2 Mr Chiang Sang Sem is the major shareholder of BIH Franchising Ltd. holding 100% equity interest. He is also a major shareholder and director of the Company.
3 Mr Chiang Sang Sem is a director and major shareholder of Long Bow Manufacturing (S) Pte. Ltd. holding 83.92% equity interest. His brother, Mr Chiang Boon Tian is also a director and shareholder of Long Bow Manufacturing (S) Pte. Ltd. holding 13.58% equity interest. Mr Chiang Sang Sem is also the major shareholder and director of the Company.
The above amount of which by way of aggregation, has exceeded the prescribed limit of RM1 million in respect of recurrent transactions entered into by the Group and its subsidiary companies with related party from 1 June 2011 to 30 November 2011.
Nature of RRPTs
The RRPTs entered into by the Group and their subsidiary companies are in the ordinary course of business and are of revenue and trading in nature. These transactions are made on an arm's length basis and on normal commercial terms. These transactions are also not prejudicial to the interest of the shareholders and not more favorable to the Related Parties than those generally available to the public and are not detrimental to the minority shareholders.
Rationale for the transactions
The principal activities of Bonia are primarily an investment holding and management company. Its subsidiaries are principally involved in designing, manufacturing, promoting, marketing, import and export of fashionable leather goods, accessories, apparel, ladies and men’s footwear.
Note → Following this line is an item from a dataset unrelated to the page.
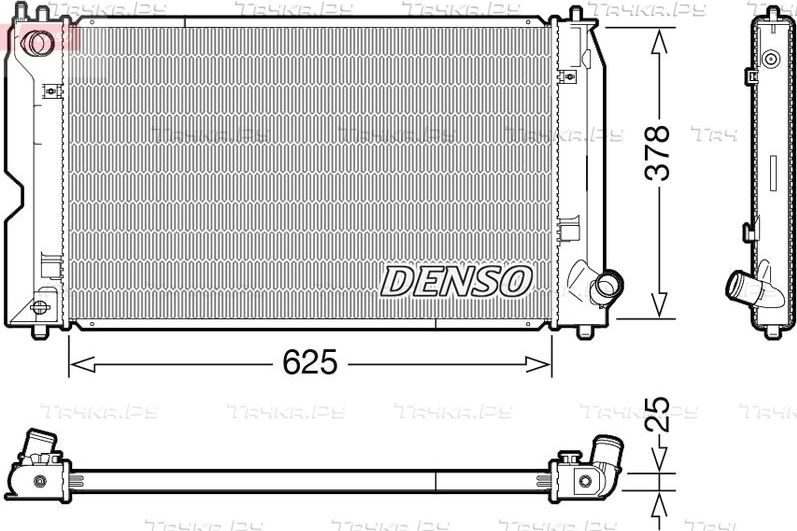 Радиатор охлаждения двигателя Denso для Toyota Corolla E120, E130 2004-2007. Артикул DRM50119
Bonia International Holdings Pte Ltd and BIH Franchising Ltd are the Licensor and Master Licensee for Bonia, Carlo Rino and Sembonia trademarks for territories outside Malaysia and Singapore respectively. Sales by the subsidiary companies derived from territories outside Malaysia and Singapore are subject to royalties’ payment to the Licensor or the Master Licensee. The royalties are calculated based on percentage of the sales derived from the respective territories as per the licensing or sublicensing agreements. The Licensor and Master Licensee will only raise debit notes for the royalties’ payable by our subsidiary companies upon confirmation of the sales by the respective subsidiaries. Due to the administrative procedures from the time we retrieve the sales from our overseas outlets until the issuing of debit notes by the trademark owner, time delay between the last transacted date and the date of announcement is expected.
Active World Pte Ltd and Jetbest Enterprise Pte Ltd are renting the office space from Long Bow Manufacturing (S) Pte Ltd as its corporate office, showroom and warehouse in Singapore. Thus, there is a payment of office rental for renting of the premises.
Details of the transaction prices
The transactions, which are in the ordinary course of the Bonia Group’s business, are undertaken at the prevailing prices or market rates and are based on usual commercial terms not more favorable to the related party than those generally available to the public, or otherwise in accordance with the applicable industry norms. Where there is no market value for a particular transaction, the transaction will be on a willing buyer willing seller basis or the nearest equivalent.
The effect of the transactions on the earnings per share and net assets per share of Bonia
The transactions have no material effect to the earnings per share and net assets per share of Bonia.
Whether the transactions are subject to the approval of shareholders and the relevant government authorities
The recurrent related party transactions do not require any approval from shareholders and relevant government authorities.
Statement by Directors
The Board of Directors of Bonia, have considered all aspects of the transactions and is of the opinion that the transactions are established under normal commercial terms and are in the best interest of the Company and not to the detriment of the minority shareholders.
This announcement is dated 19 December 2011.